What is required — From the line containing "11472 PINE WARBLER AVENUE — photo 71 of 76" to the last line of the listing, transcribe exactly and add nothing else; keep both ends and omit pictures.

Input data —
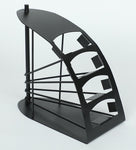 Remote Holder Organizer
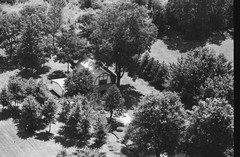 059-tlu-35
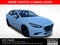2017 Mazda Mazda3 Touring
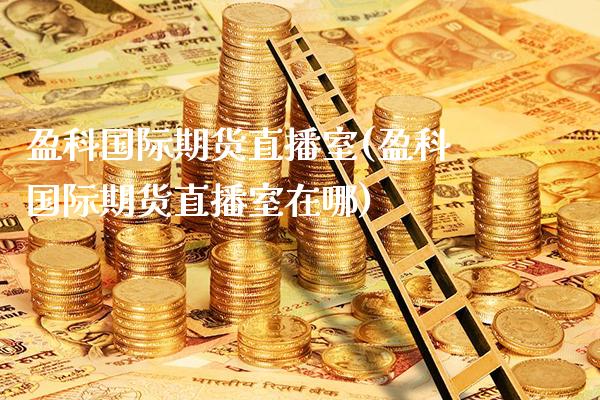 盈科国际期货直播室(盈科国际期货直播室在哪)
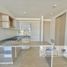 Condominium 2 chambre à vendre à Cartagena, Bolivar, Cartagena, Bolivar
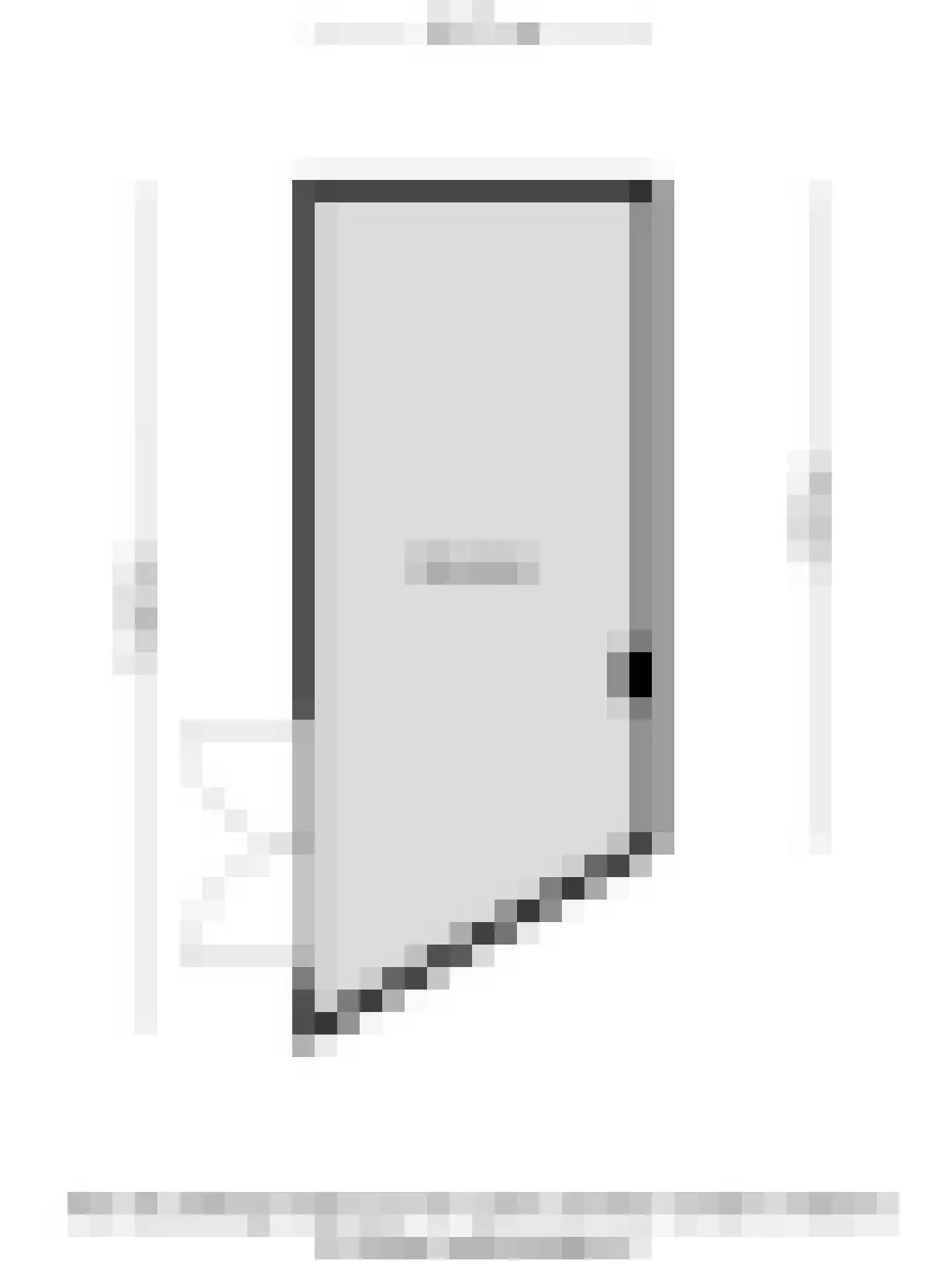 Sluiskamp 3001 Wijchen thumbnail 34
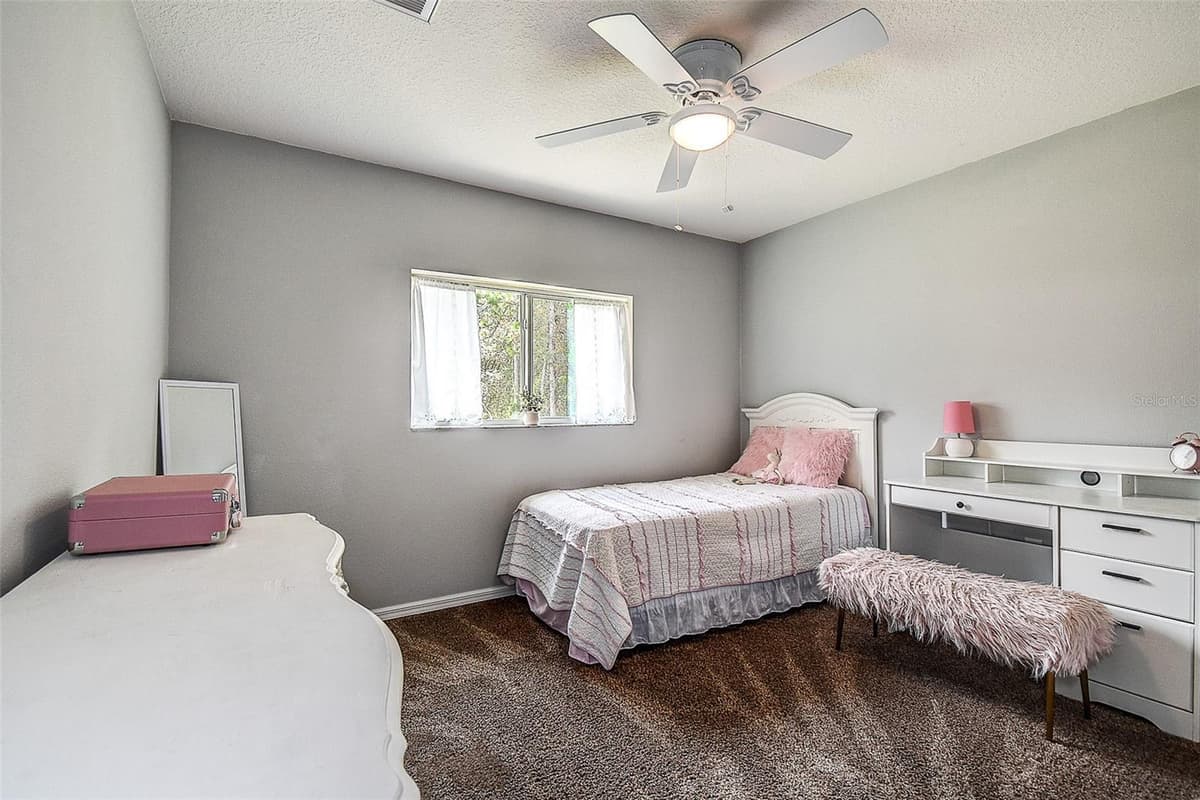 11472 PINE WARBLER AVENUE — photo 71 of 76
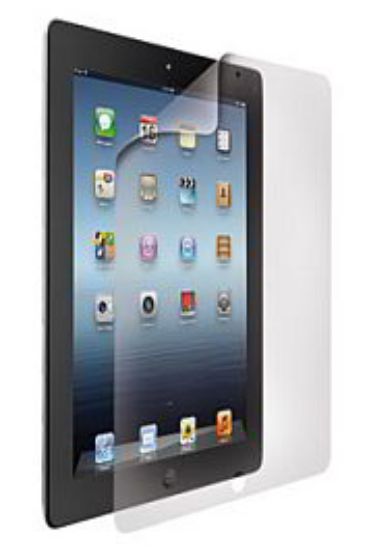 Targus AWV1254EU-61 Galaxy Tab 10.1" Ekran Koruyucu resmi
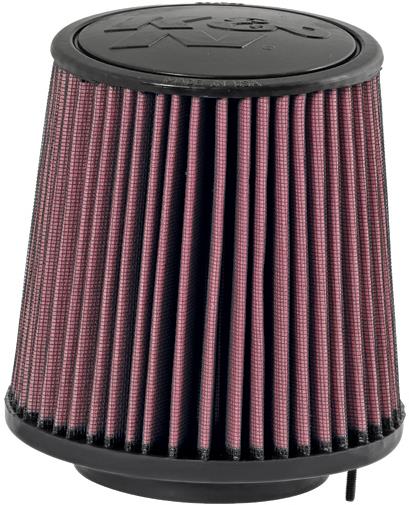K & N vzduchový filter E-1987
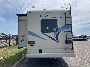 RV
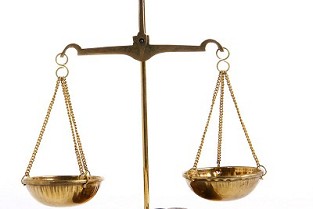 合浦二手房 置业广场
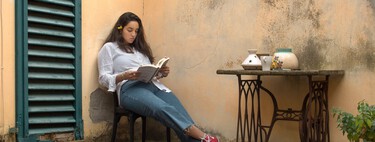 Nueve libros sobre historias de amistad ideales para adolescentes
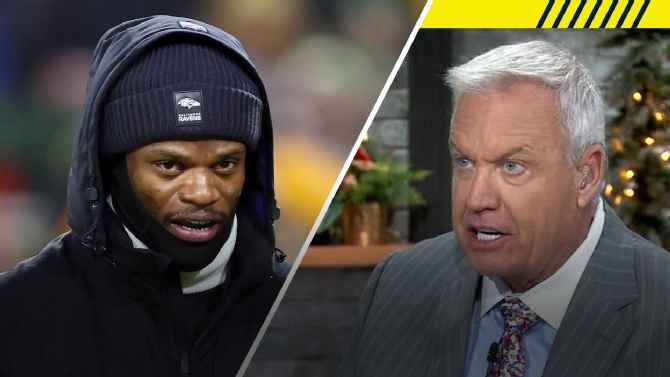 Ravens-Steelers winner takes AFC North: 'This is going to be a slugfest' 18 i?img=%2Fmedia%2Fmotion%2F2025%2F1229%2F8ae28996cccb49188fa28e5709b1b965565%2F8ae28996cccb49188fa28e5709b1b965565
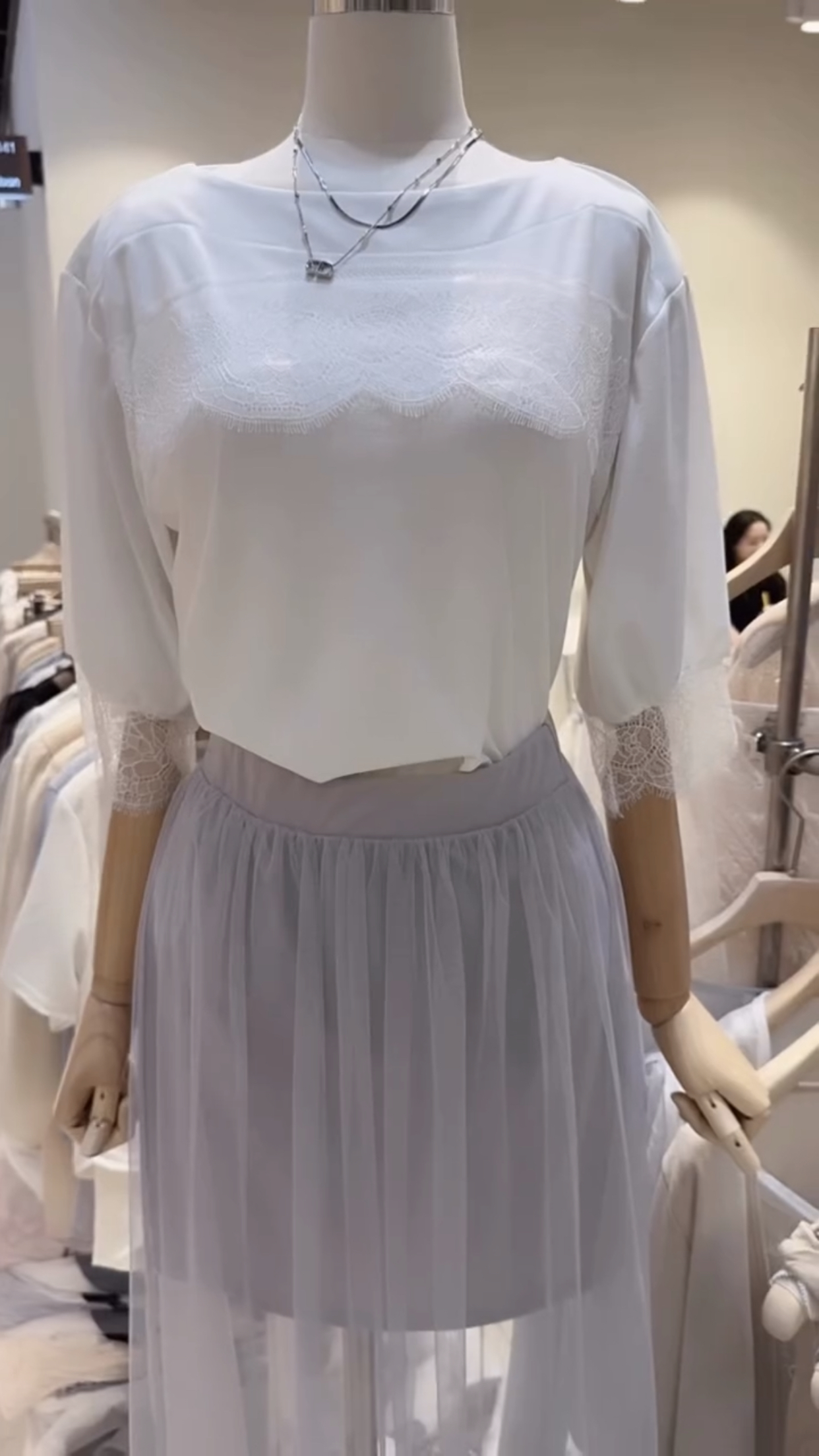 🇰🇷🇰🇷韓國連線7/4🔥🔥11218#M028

Task solution —
 11472 PINE WARBLER AVENUE — photo 71 of 76
 Targus AWV1254EU-61 Galaxy Tab 10.1" Ekran Koruyucu resmi
K & N vzduchový filter E-1987
 RV
 合浦二手房 置业广场
 Nueve libros sobre historias de amistad ideales para adolescentes
 Ravens-Steelers winner takes AFC North: 'This is going to be a slugfest' 18 i?img=%2Fmedia%2Fmotion%2F2025%2F1229%2F8ae28996cccb49188fa28e5709b1b965565%2F8ae28996cccb49188fa28e5709b1b965565
 🇰🇷🇰🇷韓國連線7/4🔥🔥11218#M028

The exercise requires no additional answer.